Memorandum by the Under Secretary of State (Castle) of a Conversation With the Rumanian Minister (Davila)

The Minister came in to talk with me on the subject of Bessarabia. He talked very verbosely all around the subject, basing his remarks [Page 506] upon the Secretary’s letter to Senator Borah,4 and asking whether I did not feel that this agreement not to recognize changes in territory resulting from the use of force ought not to apply to a de facto as well as a de jure situation. He talked at great length about the question of Vilna and I do not know whether or not I was successful in persuading him that so far as we were concerned, the Vilna situation was a very different thing from the Bessarabia situation.

I told him that I could not possibly answer as to what our attitude would be in case Russia attacked Rumania for the sake of getting back Bessarabia. I said that naturally we should not, under the doctrine laid down by Mr. Stimson, recognize the annexation of any Rumanian territory, but that it was impossible for me to forecast what attitude we might take if Russia merely took back Bessarabia which we had never recognized as an integral part of Rumania. I pointed out to him that the situation was made even more complicated by the fact that we had not recognized Russia.

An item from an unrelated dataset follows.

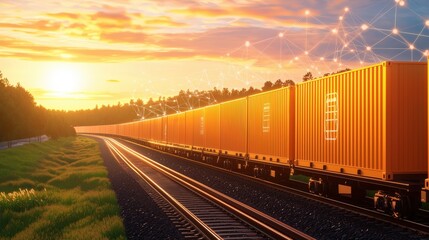 A vibrant sunset illuminates a freight train with orange containers, traveling along tracks surrounded by lush greenery.cargo management warehouse scheduling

The Minister went into a rather long disposition of the general situation in Bessarabia and the apparent impossibility of ever coming to any agreement with Russia on the subject inasmuch as the plebiscite would be political, not ethnical.

I am afraid the only point he definitely got before the end of his call was that I did not propose to commit myself as to probable American action in case of a very hypothetical and improbable attack on the part of Russia.

W[illiam] E. C[astle, Jr.]
  1. Dated February 23, 1932: see telegram No. 50, February 24, 1932, to the Consul General at Shanghai, Foreign Relations, Japan, 1931–1941, vol. i, p. 83.